=== Work instruction ===
May I please have every record restated word for word, with the images left out?

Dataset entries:
-*-
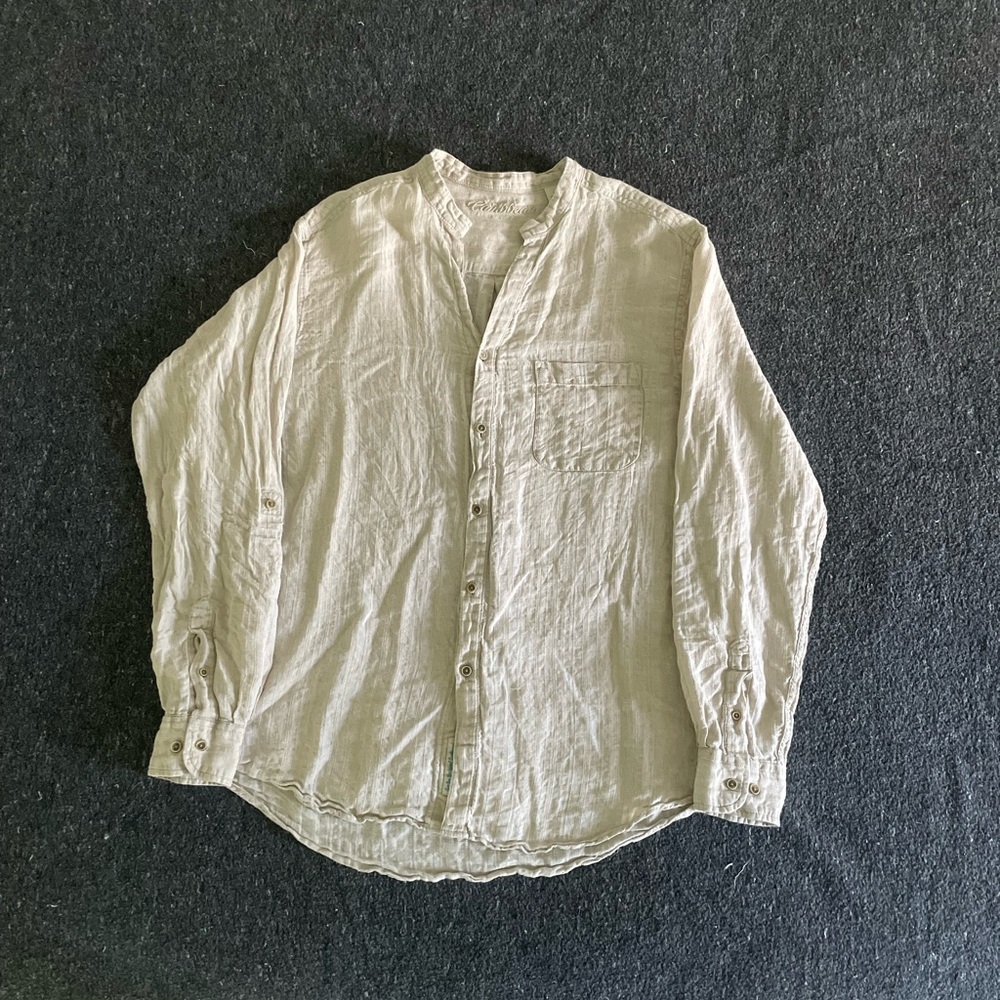 Tan Caribbean Button Up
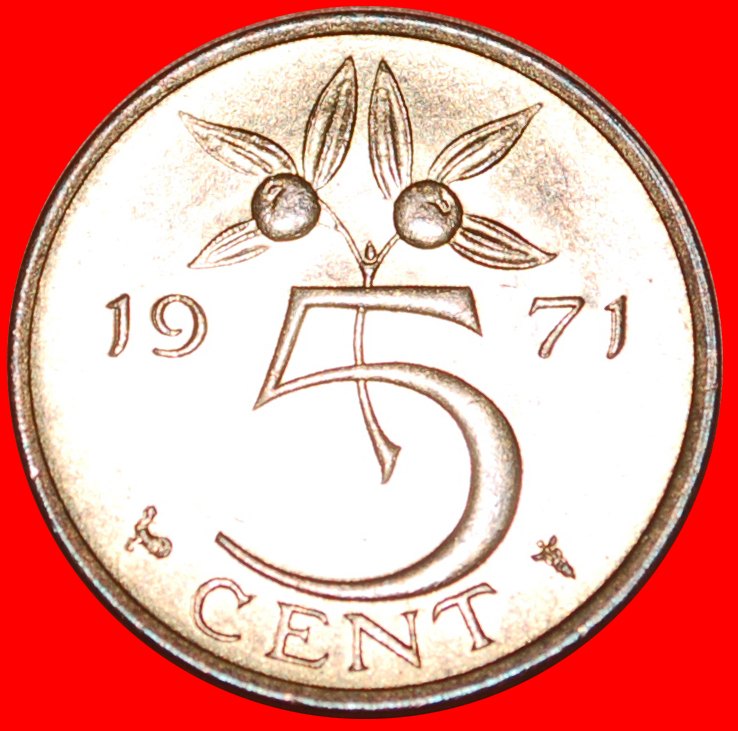 # PORTRAIT RIGHT: NETHERLANDS ★ 5 CENT 1971 COCK PATINA UNC MINT LUSTER! LOW START ★ NO RESERVE!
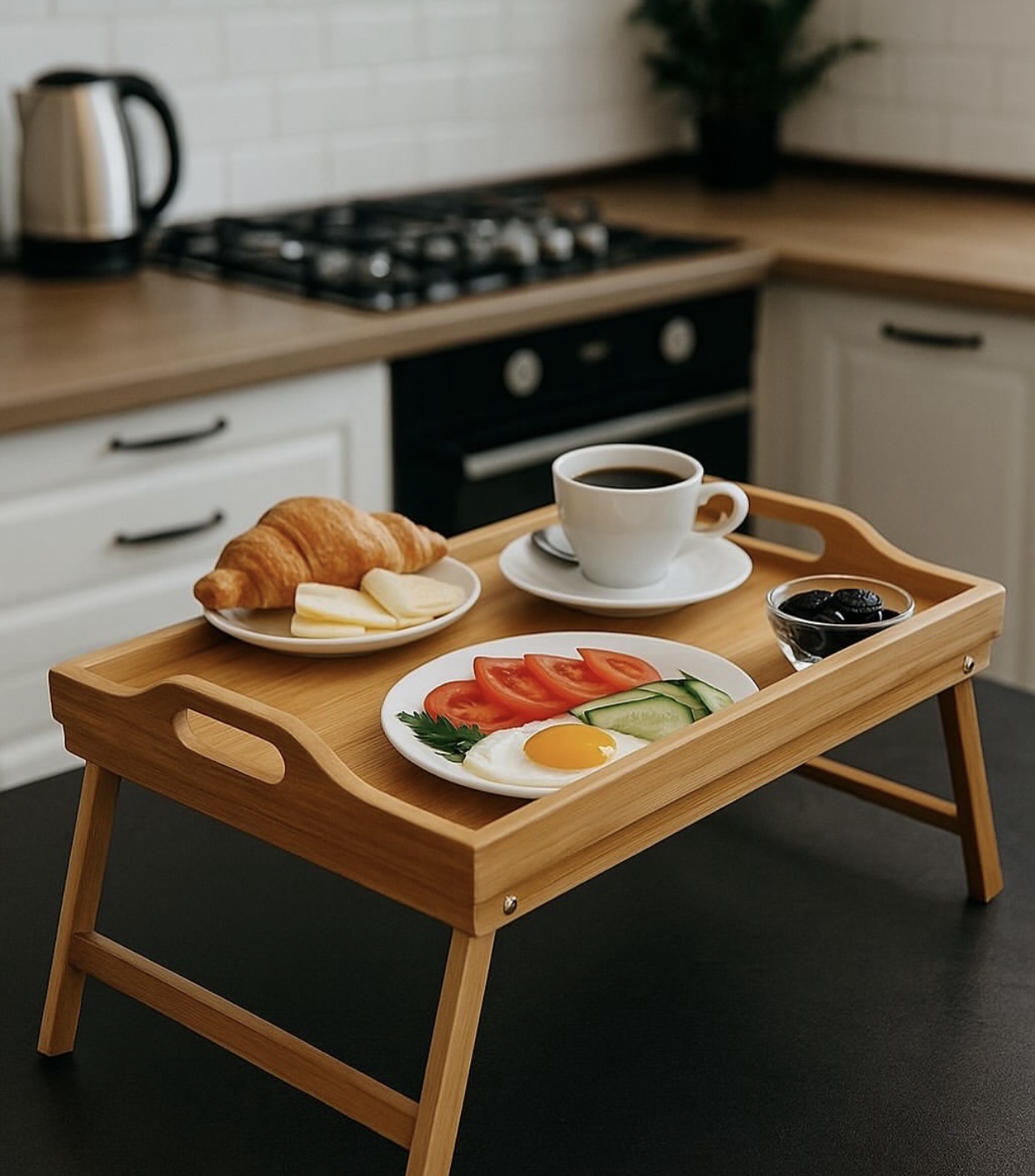 سینی بامبو پایه دار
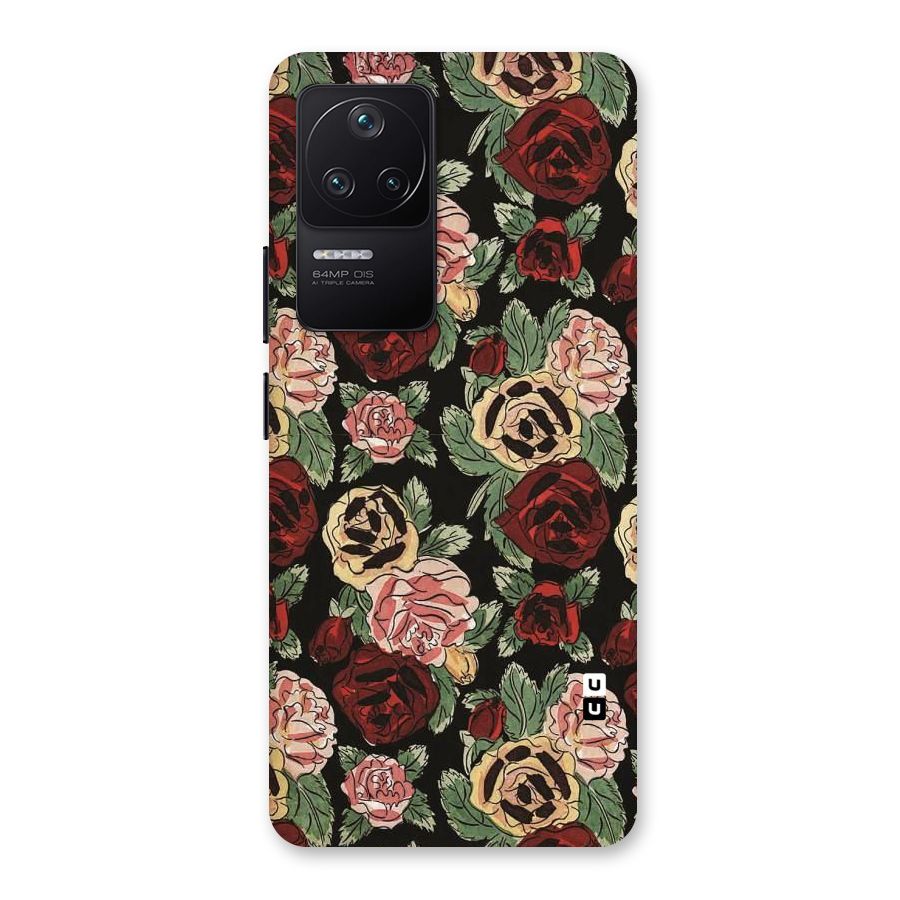 Dark Pastel Flowers Back Case for Poco F4 5G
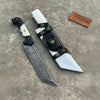 Damascus Steel Tracker Knife with Dual-Tone Bone & Black Handle | Handmade Leather Sheath by JW SteelCrafts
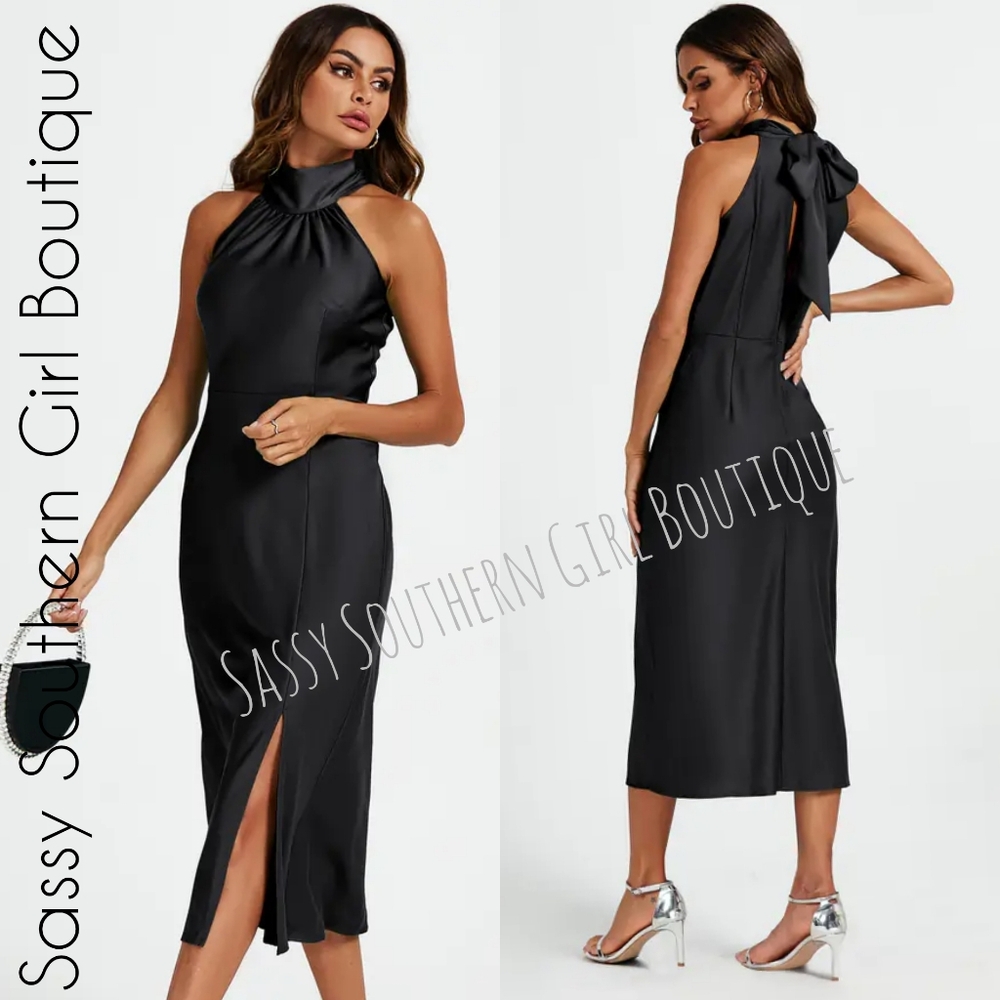 🆕⭐ Black Satin Halter Neck Midi Dress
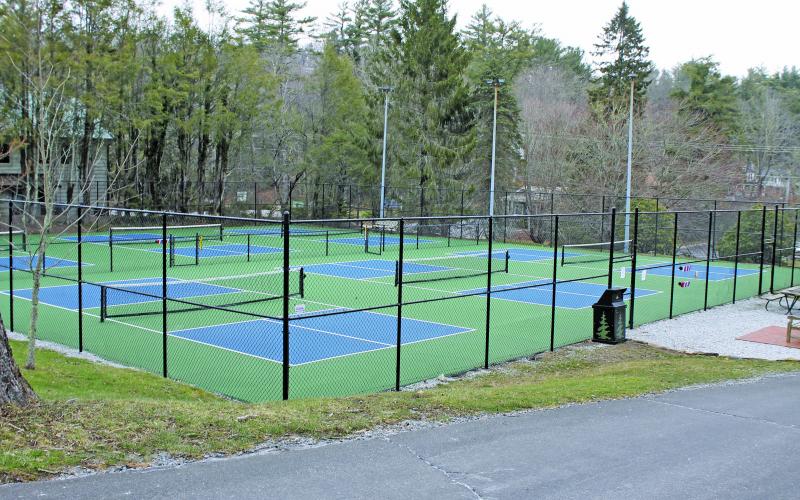 Photo by Christopher Lugo/Staff The new pickleball courts at Highlands Recreation Park will now have lights for longer hours of play during the day.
-*-
=== Task answer ===
 Tan Caribbean Button Up
 # PORTRAIT RIGHT: NETHERLANDS ★ 5 CENT 1971 COCK PATINA UNC MINT LUSTER! LOW START ★ NO RESERVE!
 سینی بامبو پایه دار
 Dark Pastel Flowers Back Case for Poco F4 5G
 Damascus Steel Tracker Knife with Dual-Tone Bone & Black Handle | Handmade Leather Sheath by JW SteelCrafts
 🆕⭐ Black Satin Halter Neck Midi Dress
 Photo by Christopher Lugo/Staff The new pickleball courts at Highlands Recreation Park will now have lights for longer hours of play during the day.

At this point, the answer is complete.